I am pretty new to C++17 and am attempting to understand the decltype keyword and how it pairs with auto .

Below is a snippet of code that produces an unexpected result.

#include <typeinfo>
#include <iostream>
#include <algorithm>

using namespace std;

int main() {

  int16_t mid = 4;
  auto low = mid - static_cast<int16_t>(2);
  auto hi = mid + static_cast<int16_t>(2);

  int16_t val;
  cin >> val;

  val = std::clamp(val,low,hi);

  return 0;
}

Surprisingly, the compiler tells me there is a mismatch in clamp and that low and high are int . If I change auto to int16_t all is good in the world and all the types are int16_t as expected.

The question I'm posing is, why does auto cast low and hi to int when all of the types are int16_t ? Is this a good use case for decltype ?

Even after reading cppreference.com, I don't fully understand how decltype works, so excuse my ignorance.

Answer 1

The problem isn't with auto here.

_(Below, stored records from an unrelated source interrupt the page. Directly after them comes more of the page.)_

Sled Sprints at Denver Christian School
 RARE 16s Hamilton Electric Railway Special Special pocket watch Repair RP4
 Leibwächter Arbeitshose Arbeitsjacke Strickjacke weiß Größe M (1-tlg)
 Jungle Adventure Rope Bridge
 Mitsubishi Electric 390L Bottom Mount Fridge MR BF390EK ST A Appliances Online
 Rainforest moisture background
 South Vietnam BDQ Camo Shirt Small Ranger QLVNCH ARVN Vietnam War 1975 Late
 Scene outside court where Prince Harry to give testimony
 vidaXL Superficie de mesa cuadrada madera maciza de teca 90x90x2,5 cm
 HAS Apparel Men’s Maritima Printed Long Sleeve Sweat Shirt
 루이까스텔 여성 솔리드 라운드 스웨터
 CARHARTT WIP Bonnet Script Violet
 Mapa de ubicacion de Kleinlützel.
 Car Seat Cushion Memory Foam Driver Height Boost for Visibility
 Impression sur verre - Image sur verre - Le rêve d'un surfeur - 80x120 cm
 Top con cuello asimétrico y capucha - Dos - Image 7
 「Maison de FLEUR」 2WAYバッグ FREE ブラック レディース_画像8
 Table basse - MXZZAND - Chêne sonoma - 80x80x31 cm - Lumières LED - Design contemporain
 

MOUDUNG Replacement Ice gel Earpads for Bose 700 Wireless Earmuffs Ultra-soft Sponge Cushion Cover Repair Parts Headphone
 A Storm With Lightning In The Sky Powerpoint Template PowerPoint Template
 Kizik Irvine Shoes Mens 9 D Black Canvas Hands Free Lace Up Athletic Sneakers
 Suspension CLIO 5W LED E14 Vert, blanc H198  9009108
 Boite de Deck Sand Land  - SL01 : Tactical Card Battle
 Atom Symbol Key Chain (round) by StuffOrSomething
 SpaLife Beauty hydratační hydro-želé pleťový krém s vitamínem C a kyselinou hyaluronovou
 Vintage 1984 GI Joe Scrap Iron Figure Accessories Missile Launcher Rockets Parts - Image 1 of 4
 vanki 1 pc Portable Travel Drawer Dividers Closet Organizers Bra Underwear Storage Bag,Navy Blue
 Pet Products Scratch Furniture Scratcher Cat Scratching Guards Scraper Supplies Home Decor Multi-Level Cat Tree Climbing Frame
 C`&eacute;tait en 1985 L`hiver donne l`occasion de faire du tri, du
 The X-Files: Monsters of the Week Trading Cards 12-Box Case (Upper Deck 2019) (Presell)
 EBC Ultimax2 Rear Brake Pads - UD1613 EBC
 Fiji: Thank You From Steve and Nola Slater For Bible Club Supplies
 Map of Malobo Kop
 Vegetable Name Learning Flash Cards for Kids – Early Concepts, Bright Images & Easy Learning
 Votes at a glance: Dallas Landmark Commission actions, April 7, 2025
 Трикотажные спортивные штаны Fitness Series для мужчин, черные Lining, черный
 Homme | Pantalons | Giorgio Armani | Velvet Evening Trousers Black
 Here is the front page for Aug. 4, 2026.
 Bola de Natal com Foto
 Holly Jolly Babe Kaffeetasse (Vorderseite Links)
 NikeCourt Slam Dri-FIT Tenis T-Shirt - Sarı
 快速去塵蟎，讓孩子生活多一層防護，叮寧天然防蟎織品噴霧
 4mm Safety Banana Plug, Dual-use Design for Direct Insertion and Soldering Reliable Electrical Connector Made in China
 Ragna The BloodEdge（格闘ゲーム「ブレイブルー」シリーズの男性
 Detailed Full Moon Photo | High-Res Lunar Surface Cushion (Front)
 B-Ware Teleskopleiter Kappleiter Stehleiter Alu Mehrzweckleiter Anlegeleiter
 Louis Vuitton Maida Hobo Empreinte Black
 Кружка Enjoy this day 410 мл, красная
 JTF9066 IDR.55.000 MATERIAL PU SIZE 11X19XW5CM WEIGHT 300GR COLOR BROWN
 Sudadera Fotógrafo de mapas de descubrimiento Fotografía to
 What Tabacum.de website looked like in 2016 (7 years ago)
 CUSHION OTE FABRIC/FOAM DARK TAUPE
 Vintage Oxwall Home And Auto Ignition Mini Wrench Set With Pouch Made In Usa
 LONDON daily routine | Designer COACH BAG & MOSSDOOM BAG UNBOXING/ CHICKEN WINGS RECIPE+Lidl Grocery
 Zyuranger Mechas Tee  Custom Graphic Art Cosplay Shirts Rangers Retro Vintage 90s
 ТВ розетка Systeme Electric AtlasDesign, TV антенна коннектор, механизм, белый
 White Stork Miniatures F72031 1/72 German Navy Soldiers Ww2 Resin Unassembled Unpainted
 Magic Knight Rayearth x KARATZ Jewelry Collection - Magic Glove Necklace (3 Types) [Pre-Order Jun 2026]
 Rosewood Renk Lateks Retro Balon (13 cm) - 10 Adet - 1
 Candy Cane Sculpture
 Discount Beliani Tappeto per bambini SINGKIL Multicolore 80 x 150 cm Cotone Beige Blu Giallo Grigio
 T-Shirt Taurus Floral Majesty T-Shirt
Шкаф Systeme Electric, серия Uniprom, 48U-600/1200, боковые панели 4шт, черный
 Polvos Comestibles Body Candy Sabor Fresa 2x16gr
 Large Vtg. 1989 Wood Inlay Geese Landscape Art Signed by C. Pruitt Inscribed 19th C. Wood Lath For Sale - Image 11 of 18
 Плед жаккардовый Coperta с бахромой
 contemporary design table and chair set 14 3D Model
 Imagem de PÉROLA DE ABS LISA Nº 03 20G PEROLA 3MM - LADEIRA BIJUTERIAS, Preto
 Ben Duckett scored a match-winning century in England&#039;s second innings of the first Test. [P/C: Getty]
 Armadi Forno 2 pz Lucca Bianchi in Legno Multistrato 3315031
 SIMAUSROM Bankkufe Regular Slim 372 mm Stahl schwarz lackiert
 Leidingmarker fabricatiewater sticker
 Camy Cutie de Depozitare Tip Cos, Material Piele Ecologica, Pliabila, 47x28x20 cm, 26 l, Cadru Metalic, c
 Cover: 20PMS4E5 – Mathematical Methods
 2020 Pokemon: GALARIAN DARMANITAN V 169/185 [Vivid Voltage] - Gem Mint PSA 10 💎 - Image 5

When you subtract two int16_t values, the result is an int . We can demonstrate it with this code here :

#include <iostream>
#include <cstdint>
using namespace std;

template<class T>
void print_type(T) {
    std::cout << __PRETTY_FUNCTION__ << std::endl; 
}

int main() {
    int16_t a = 10;
    int16_t b = 20;
    print_type(a);
    print_type(b);
    print_type(a - b); 
    return 0;
}

a and b are both short int s, but when you add or subtract them it produces a regular int . This is to help prevent overflow / and is also for backwards compatibility.

Answer 2

This phenomenon is called the usual arithmetic conversions . It is defined in the C and C++ standards and (roughly said) converts anything smaller than an int to an int . It converts larger types as well. Take some time and read about it, you'll need it quite often.